Tilt! To put into simple terms- there is an exception for year 2 where you can apply for a change in accounting method without technically establishing a chosen method to change.
Opted Out of Bonus Depreciation Revisited
As we mentioned in a previous section, bonus depreciation election is assumed. If you elect to opt-out of bonus depreciation for some reason (and there are some narrow ones), you can revoke the election to opt out which is like a triple negative. How about this? You can amend your tax returns to claim and deduct bonus depreciation under IRS Revenue Procedure 2020-50.
This is generally good news but here is the bad news- a taxpayer who opted out may revoke that election by filing an amended return only if-
- the initial election to opt out was made on a timely filed tax return, and
- the amended tax return is filed within six months (excluding extensions) of the original tax return’s due date.
Yuck! However, there might be relief by making a request using Form 3115 Application for Change in Accounting Method. More discussion is likely required with your cost segregation buddies at WCG CPAs & Advisors.

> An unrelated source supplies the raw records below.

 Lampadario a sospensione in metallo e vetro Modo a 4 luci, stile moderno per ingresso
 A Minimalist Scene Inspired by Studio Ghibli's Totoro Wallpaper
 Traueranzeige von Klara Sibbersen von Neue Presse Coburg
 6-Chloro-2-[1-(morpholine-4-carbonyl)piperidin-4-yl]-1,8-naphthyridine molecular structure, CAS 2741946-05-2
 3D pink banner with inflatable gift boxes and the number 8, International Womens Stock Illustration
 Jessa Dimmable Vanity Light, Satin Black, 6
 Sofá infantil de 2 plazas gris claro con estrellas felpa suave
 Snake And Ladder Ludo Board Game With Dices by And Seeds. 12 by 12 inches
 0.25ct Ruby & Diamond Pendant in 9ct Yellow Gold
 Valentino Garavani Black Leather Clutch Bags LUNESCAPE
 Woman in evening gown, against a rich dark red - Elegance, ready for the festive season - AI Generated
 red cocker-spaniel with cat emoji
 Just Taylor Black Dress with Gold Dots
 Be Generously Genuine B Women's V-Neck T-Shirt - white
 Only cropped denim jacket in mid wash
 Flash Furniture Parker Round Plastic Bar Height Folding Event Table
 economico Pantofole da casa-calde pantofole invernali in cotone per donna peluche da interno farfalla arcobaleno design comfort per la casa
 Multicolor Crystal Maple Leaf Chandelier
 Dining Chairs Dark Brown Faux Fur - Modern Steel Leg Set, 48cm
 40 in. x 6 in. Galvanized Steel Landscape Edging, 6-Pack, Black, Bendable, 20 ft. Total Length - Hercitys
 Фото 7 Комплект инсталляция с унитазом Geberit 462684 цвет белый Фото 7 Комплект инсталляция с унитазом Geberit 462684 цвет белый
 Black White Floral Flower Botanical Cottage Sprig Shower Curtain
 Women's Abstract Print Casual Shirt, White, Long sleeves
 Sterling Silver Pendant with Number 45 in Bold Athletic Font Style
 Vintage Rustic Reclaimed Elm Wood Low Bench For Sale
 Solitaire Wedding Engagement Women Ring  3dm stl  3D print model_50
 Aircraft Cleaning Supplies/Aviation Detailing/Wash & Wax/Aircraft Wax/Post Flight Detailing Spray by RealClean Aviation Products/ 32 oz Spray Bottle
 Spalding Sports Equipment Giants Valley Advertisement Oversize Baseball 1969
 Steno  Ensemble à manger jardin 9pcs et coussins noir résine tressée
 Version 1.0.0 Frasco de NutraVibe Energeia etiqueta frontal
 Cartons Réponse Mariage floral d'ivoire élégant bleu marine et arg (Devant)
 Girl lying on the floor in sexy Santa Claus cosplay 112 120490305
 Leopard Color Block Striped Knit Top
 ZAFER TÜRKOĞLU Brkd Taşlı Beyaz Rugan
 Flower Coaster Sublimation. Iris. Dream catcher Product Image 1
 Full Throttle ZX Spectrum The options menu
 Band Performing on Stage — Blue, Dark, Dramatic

Retroactive Cost Segregation Summary
Here is another summary in table format-
Service Year |
Cost Seg | Amend | 3115 | 481(a) | Bonus |
2021 | Look Back | No | Yes | Yes | Maybe |
2021 | Look Back | Yes | NA | NA | Optional |
2021 | Retroactive | Yes | NA | NA | Optional |
2023 | Look Back | No | Yes | Yes | Maybe |
2023 | Look Back | Yes | NA | NA | Optional |
2024 | Current | NA | NA | NA | Optional |
Generally, filing Form 3115 is preferred to amending tax returns for a handful of reasons-
- More economical in terms of professional fees.
- No housekeeping troubles with “sandwiched” tax returns where multiple years might need to be amended.
- Less hassles with state tax returns.
- Amending tax returns is usually limited to the prior 3 or 4 years, or what is sometimes referred to as “open” tax returns. Theoretically, there is no limit to how far back you can go using a look-back cost segregation study with Form 3115.
However, as mentioned previously, there might be reasons specific to that tax year which necessitates the amendment.
The big takeaway with all this is- The bonus depreciation percentage is based on when the rental property was acquired and placed into service, and not when the cost segregation study is performed or when Form 3115 is filed!
Keep in mind the theory- Form 3115 combined with IRC Section 481(a) allows you to look-back and claim the depreciation that was rightfully yours all along. So, to expand on the paragraph above, if your rental property was placed in service (ready and available for rent) in 2023, you are limited to 80% bonus depreciation. If you fired up the rental in 2024, then 60%. But, if you had it placed in service in 2022, then you get to use that year’s bonus depreciation which was 100%.